Von Boniface Mabanza Bambu
Der afrikanische Kontinent wurde sehr stark vom Kalten Krieg geprägt. In der entstehenden Weltordnung nach dem zweiten Weltkrieg entwickelten die Großmächte beider Blöcke Strategien, um Loyalitäten zu sichern und somit die Ausbreitung des jeweiligen Gegners zu verhindern. Der Westblock brachte die Strategie der Eindämmung des Kommunismus so weit, dass sogar brutale Militärdiktaturen eingesetzt oder unterstützt wurden. Auch der „kommunistische" Block kooperierte mit autokratischen Regimen etwa in Angola und in Mosambik. Die Konsequenzen lassen sich in vielen Ländern des Kontinents heute noch beobachten. Afrika ging aus dieser Phase als Verlierer hervor, weil die Handlungsspielräume für nationale Regierungen begrenzt waren und diejenigen, die es gab, nicht von allen Ländern konsequent genutzt wurden. Angesichts der sich neu formierten Konstellation internationaler Beziehungen wird darüber spekuliert, ob diese neue Chancen für den Kontinent bietet. Die Lage ist komplexer als sie aussieht. Auch wenn Chancen entstehen, müssen Voraussetzungen erfüllt werden, um sie nutzen zu können. Die Gefahr, dass sich die Geschichte wiederholt, ist groß.
Neue alte Blöcke
Seit Beginn des russischen Krieges in der Ukraine ist von einer neuen Blockbildung oder -konsolidierung die Rede. Es konsolidieren sich ein russisch-chinesischer Block und ein westlicher Block um die USA und Europa, auch wenn es auf der westlichen Seite aufgrund der verschiedenen Interessenkonstellationen mit China und Russland etwas Zurückhaltung gibt. Die Trennlinie entspricht der alten Kommunismus-Kapitalismus-Konstellation, auch wenn es nicht mehr in erster Linie um ideologische Gräber geht, da sowohl China als auch Russland sich zunehmend kapitalisiert haben und nicht mehr viel vom Kommunismus übrig geblieben ist, wenn sie jemals etwas davon hatten. Neu in der sich jetzt zuspitzenden Konstellation ist auch, dass fast alle Länder Osteuropas, die während des Kalten Krieges in der „kommunistischen" Einflusssphäre waren, heute Bestandteile der EU und/oder der Nato sind. Einige von Ihnen fühlen sich von Russland direkt bedroht und gehören zu den Hardlinern in der Mobilisierung für einen entschlossenen Widerstand gegen Putins Angriffskrieg.
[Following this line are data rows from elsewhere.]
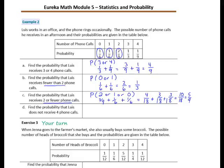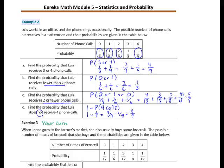Question D: Find the probability that Lewis does not receive 4 phone calls. The efficient way is to find the probability that he does receive 4 phone calls and subtract it from 1. From the chart, 4 calls has a probability of 1 ninth. So it's 1 minus 1 ninth. Since 1 equals 9 ninths, 9 ninths minus 1 ninth is 8 ninths. The probability of not receiving 4 phone calls is 8 ninths.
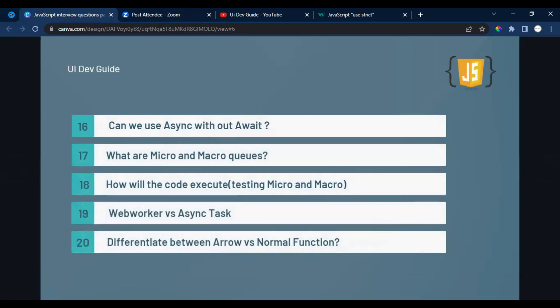Questions sixteen and seventeen cover async/await. If you are using an async function, you need to use await with it. Counter questions: can you use await inside a synchronous function? And if you write await, is it mandatory to declare the function as async? Make sure you know the answers to both.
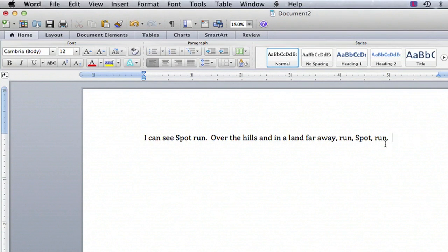And that's how you make a correction in Microsoft Word in your sentences without overtyping. Thanks for watching. I'm Kathy, and good luck.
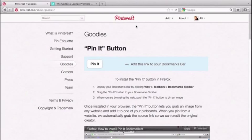Hey, this is Alicia Rittenhouse, and I just wanted to quickly show you how easy it is to add a Pin It button to your Firefox browser. Right now we are on Pinterest — I'll include this link below the video — and you want to go to pinterest.com/about/goodies. You can see they make it so simple; they even tell you themselves how to do it.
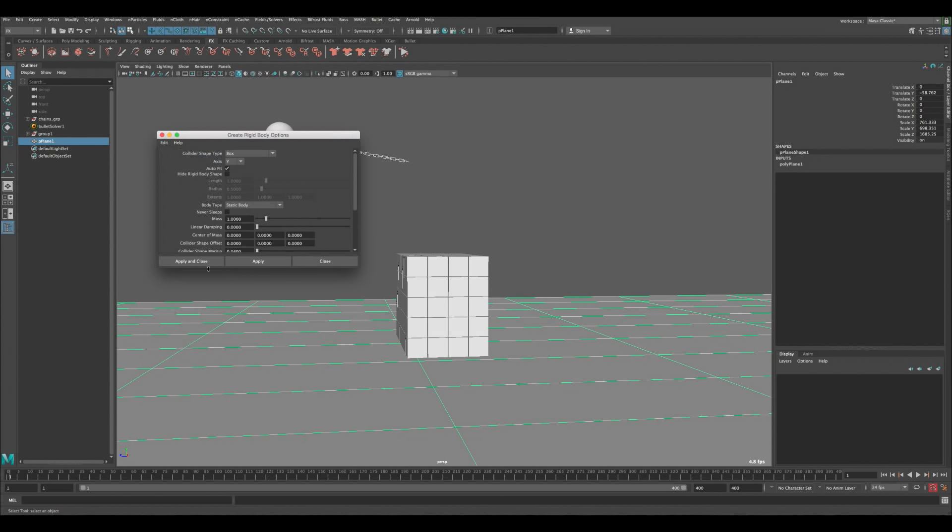Hide the grid. Select all cubes except the ground, go to Bullet > Active Rigid Body, make sure the shape is set to Box, then Apply and Close. Select the ground and create a Passive Rigid Body — reset settings, Box shape is fine, Apply and Close. Press Play — the cubes rest on the ground and the sphere swings and hits them, though the wall barely moves because the masses are all equal.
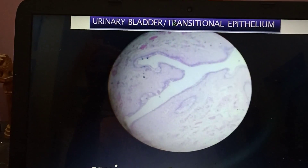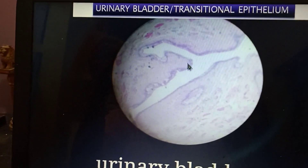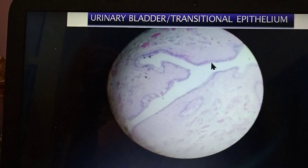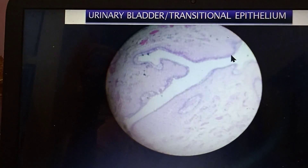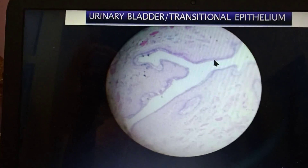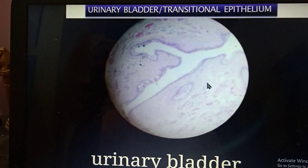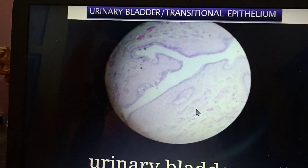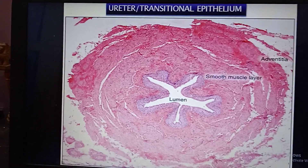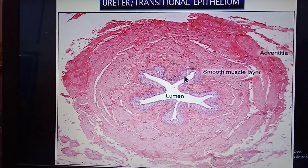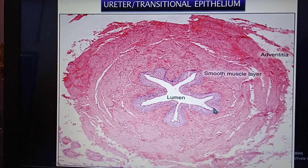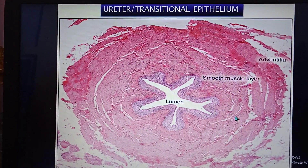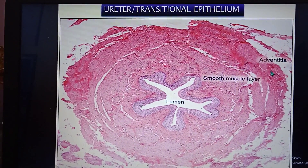This is the urinary bladder and we write transitional epithelium because it transitions between two to four or up to six layers — that is very much characteristic of the urinary bladder. The histological layers are mucosa, then muscle layer, and then adventitia. This is the ureter, again transitional epithelium, where the epithelium transitions from two to six layers; histological layers are mucosa, muscle layer, and adventitia.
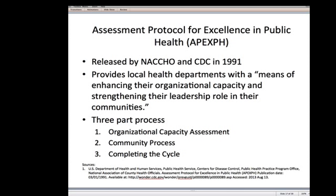The second tool is known as the Assessment Protocol for Excellence in Public Health, or APEX PH. This was released by NACCHO and CDC in 1991. It provides local health departments with a means of enhancing their organizational capacity and strengthening their leadership role in their communities. It consists of three parts: first, an organizational capacity assessment; second, a community process; and third, completing the cycle and going back to the organizational capacity assessment again. This tool focuses on organizational capacity a bit more than did the PATCH tool.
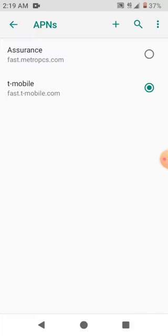Hopefully once you restart your phone you will be able to see the 4G LTE in the upper right hand corner of your phone. If not, figure out what APN your network should be on, the name of it, and create it. Hopefully this will help.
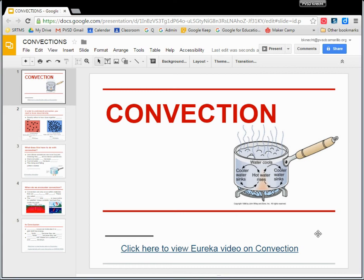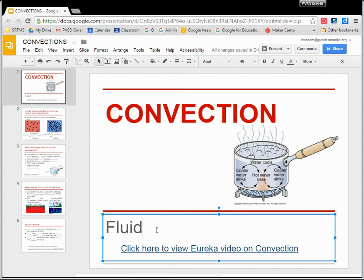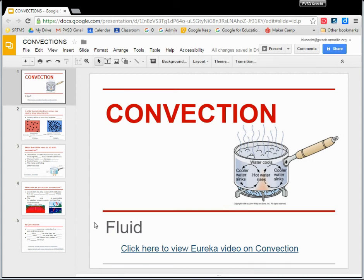All right, it is time to learn about convection. In this presentation there are some blank lines — wherever you see one of those blank lines, that's where we're going to type something. Right now, as we're talking about convection, we're going to type the word 'fluid,' because convection only occurs in a fluid. What is a fluid? Well, we will be finding out.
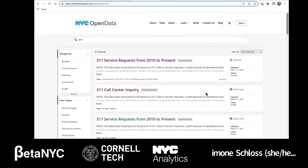Known as the People's Data Set and available 24-7, 311 is a New York City resource for assistance and general information outside of emergency situations. Available in over 170 languages and for roughly 3,600 government services, 311 is available via phone, web, Skype, Twitter, Facebook, and mobile apps.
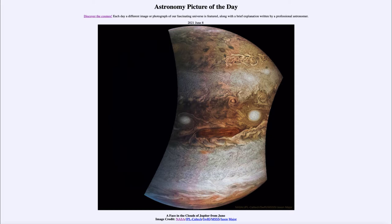So it gives us a different view and a better way to study the polar regions and other parts of the planet as well. It's also in a very elliptical orbit, so it can sweep in very close to Jupiter and study it up close, but then spends most of its time further away — well out of the radiation belts of Jupiter — to hopefully extend the life of the spacecraft.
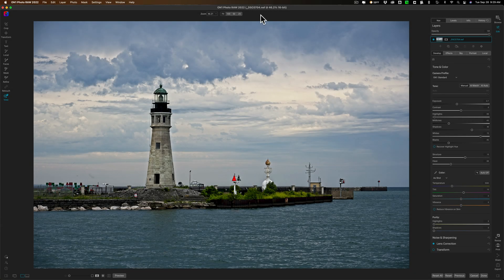ON1 Software claims you don't even need to own Photoshop any longer. As long as you own those applications that were plugins to Photoshop, those plugins should work in ON1 Photo Raw 2022. But by default, they're not in here — you have to install those plugins in ON1 Photo Raw 2022 in order to use them.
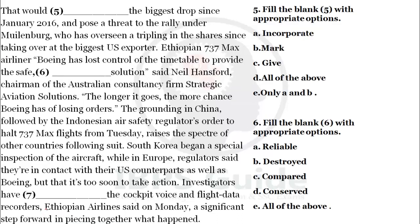In the next slide, we have questions 5, 6, and 7. Question 5 is fill in the blanks, question 6 is also fill in the blanks, and question 7 is again fill in the blanks.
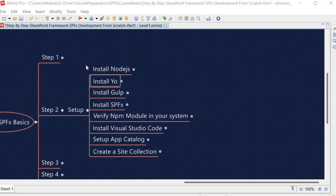Installation-wise we have completed most things. The remaining steps are setting up the app catalog and creating a site collection, both of which require a Microsoft 365 tenant. In the next session I will show you how to join the Microsoft 365 Developer Program, create a tenant, and then access SharePoint Online, which we will use majorly throughout our SPFx development journey.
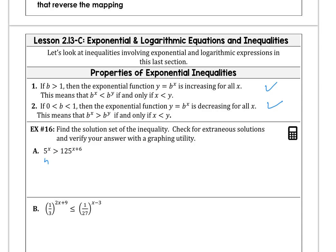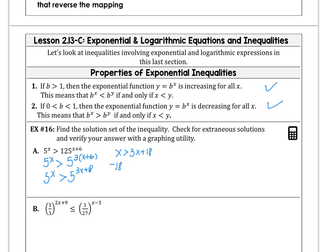First, we want to rewrite the right side in terms of base 5, so 5 cubed times x plus 6. That gives us 5 to the x is greater than 5 to the 3x plus 18. Since the bases are the same, the exponents must satisfy the inequality: when is x greater than 3x plus 18? That would be when negative 18 is greater than 2x, so negative 9 is greater than x, or x is less than negative 9.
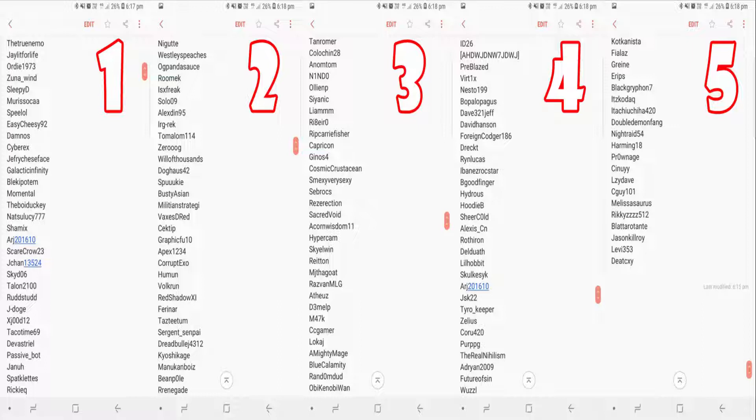Here is the list where you can see how far away you are from being added. Everyone on page one will be added first, then page two, three, four, and five. If you're on page four or five, you're probably a few months out from being added.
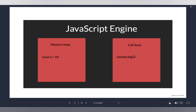Now let's come to the second part: the call stack. What is the call stack for? Whenever you have any line of code to execute, it will be executed in your call stack. For example, `console.log(2)` — this statement first comes inside the call stack, gets executed, and then gets popped off the stack. Whenever you call a function, that function is pushed onto the call stack, and once it returns, it is popped off.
Afrika wieder zwischen den Fronten
In dieser sich neu zuspitzenden Blockbildung alter und neuer Feinde gerät der afrikanische Kontinent wieder zwischen die Fronten. Im Vorfeld der Abstimmungen zum Ukraine-Krieg in der UN-Vollversammlung und in der Menschenrechtskommission der UN haben sowohl westliche Länder als auch Russland alle Register gezogen, um das Abstimmungsverhalten afrikanischer Länder zu beeinflussen. Als sich nach der Abstimmung herausstellte, dass sich nicht alle afrikanischen Länder so verhalten hatten, wie von dem einen oder anderen Block erwartet, wurden auf beiden Seiten Stimmen laut, die direkt oder indirekt daran erinnerten, dass ihre Feinde auch Feinde afrikanischer Länder sein müssten oder dass, wer nicht für sie ist, gegen sie ist. Schon wieder sehen sich viele Länder des Kontinents zwischen den Stühlen und dazu gezwungen, Konfliktparteien zu werden. Auf die diplomatischen Aktivitäten in Genf und New York am Rande der erwähnten Abstimmungen folgten die Afrika-Reisen der Außenminister Russlands und der USA mit dem gleichen Ziel, ihre jeweiligen Einflusssphären zu erweitern oder konsolidieren.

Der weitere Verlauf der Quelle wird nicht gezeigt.